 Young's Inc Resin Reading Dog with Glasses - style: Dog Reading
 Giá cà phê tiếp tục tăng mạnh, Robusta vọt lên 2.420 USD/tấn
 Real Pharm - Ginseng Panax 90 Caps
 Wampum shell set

- - - -

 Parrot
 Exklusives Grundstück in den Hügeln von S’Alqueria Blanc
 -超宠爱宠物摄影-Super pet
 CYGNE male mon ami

- - - -

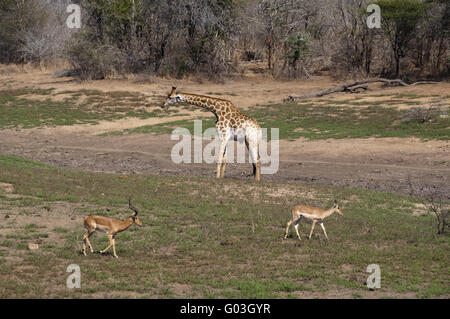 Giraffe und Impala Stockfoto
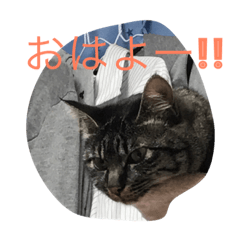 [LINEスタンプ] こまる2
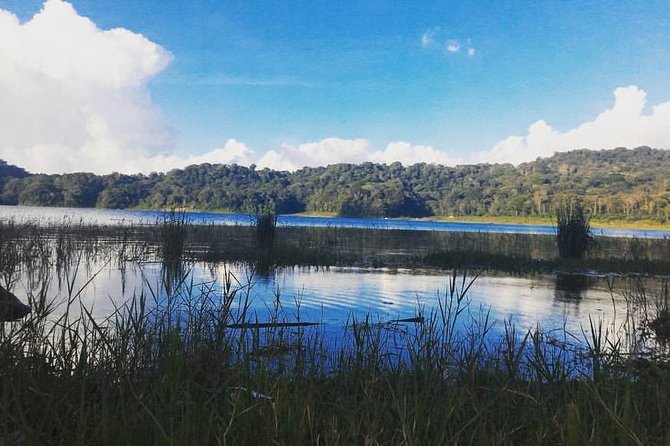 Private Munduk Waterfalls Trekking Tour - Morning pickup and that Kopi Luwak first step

- - - -

The task >>
Could you repeat exactly the lines in the listing above from the one with "Real Pharm - Ginseng Panax 90 Caps" down to the one with "Wampum shell set"? Include both of those lines.

Exercise solution >>
 Real Pharm - Ginseng Panax 90 Caps
 Wampum shell set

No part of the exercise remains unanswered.